Should I take this off? Will it eventually have to come off?
Thank you for your advice in advance.


----------



## Shiva (Apr 6, 2011)

I think eventually should be right now. Pot it up!


----------



## NYEric (Apr 6, 2011)

I'd put it next to its mommy!


----------



## Candace (Apr 6, 2011)

Yes, the roots are long enough for it to live on its own:>


----------



## Ernie (Apr 6, 2011)

Yeah, try to gently twist it off and pot it up. If the roots stick to mom, allow them to dry a day or so before starting regular, heavy drenching. Catasetums like lots of water and food during the growing season. I think you'll get better growth and blooming if you can get some media around it to hold water and nutrients so it can go nuts. 

OR donate the keiki to the auction!


----------



## etex (Apr 6, 2011)

Very nice roots on the keiki!!


----------



## biothanasis (Apr 7, 2011)

I have some catasetum that do this only. Although they come from the bottom of the mother psdb they depart from it, slowly, but I do not devide them...! Do you think I should??? Also mine do not become fat and good as yours, but rather long and slim...! Is there anything wrong that I do? Could I provide sth to improve this fact (e.g. more light, more water/fert etc)? TY in advance!


----------



## Shiva (Apr 7, 2011)

biothanasis said:


> I have some catasetum that do this only. Although they come from the bottom of the mother psdb they depart from it, slowly, but I do not devide them...! Do you think I should??? Also mine do not become fat and good as yours, but rather long and slim...! Is there anything wrong that I do?

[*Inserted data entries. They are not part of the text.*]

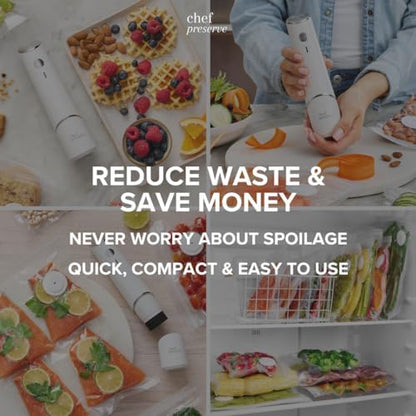 Chef Preserve Compact Vacuum Sealer for Food (Vacuum Sealer Machine + 30 Reusable Vacuum Bags) Powerful Handheld Vacuum Sealer Machine, Seal Meal Saver, Portable Food Sealer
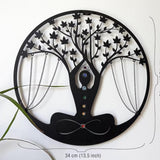 Maxbell Medtitation Metal Wall Art Decor Yoga Meditation Wall Decor for Indoor Patio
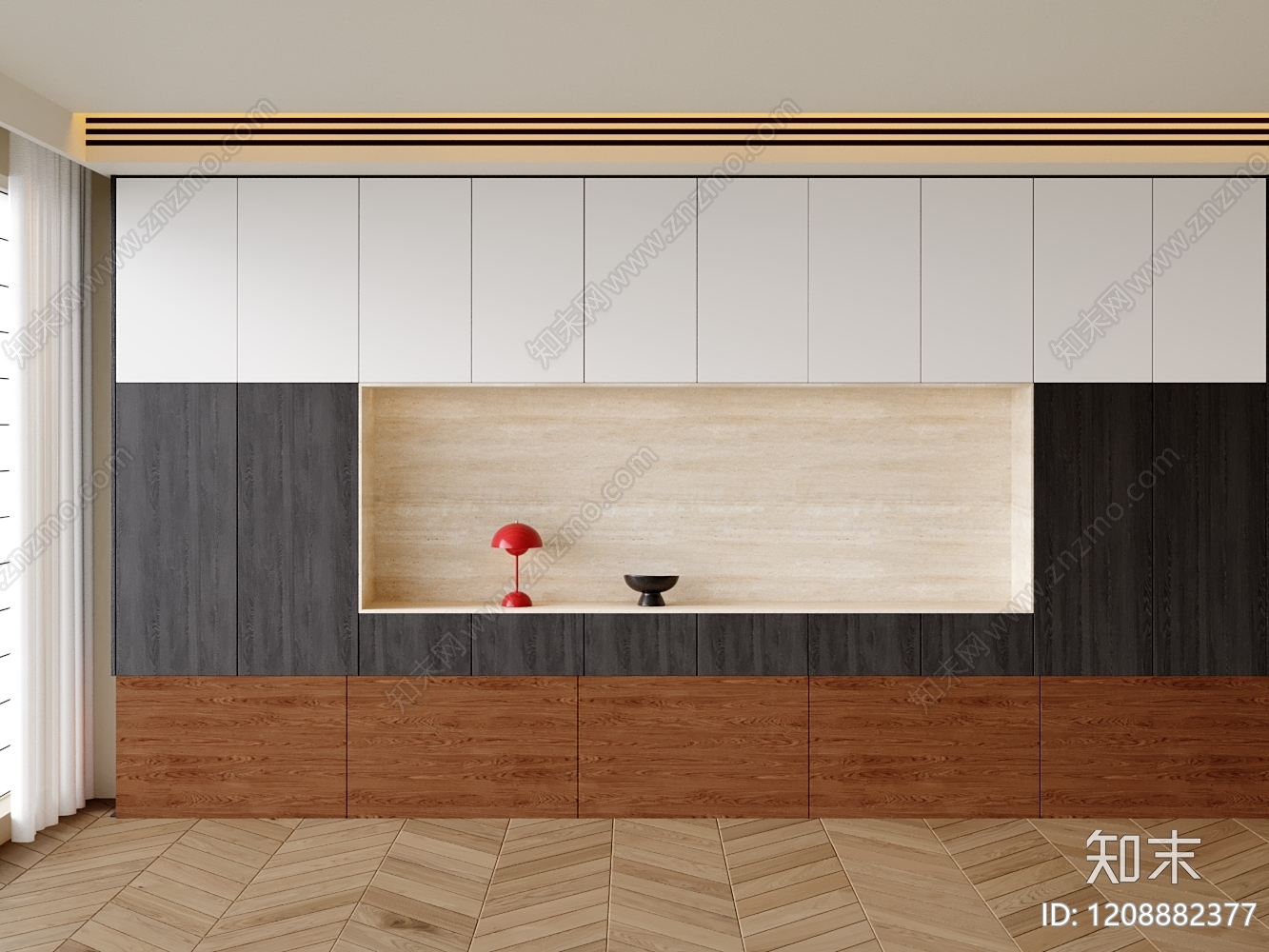 现代简约书柜3D模型下载【ID:1208882377】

Could I provide sth to improve this fact (e.g. more light, more water/fert etc)? TY in advance!



Catasetum and Cycnoches need high light short of burning the leaves, good heat, and lots of water and fertilizer while they're growing. I always add some organic fertilizer on top of the pot during growth, like earthworm compost and the likes. Check for bugs frequently; they love to eat or suck those leaves.


----------



## biothanasis (Apr 9, 2011)

Thank you very much for the tips Shiva!! I hope I can meet with their requirements...


----------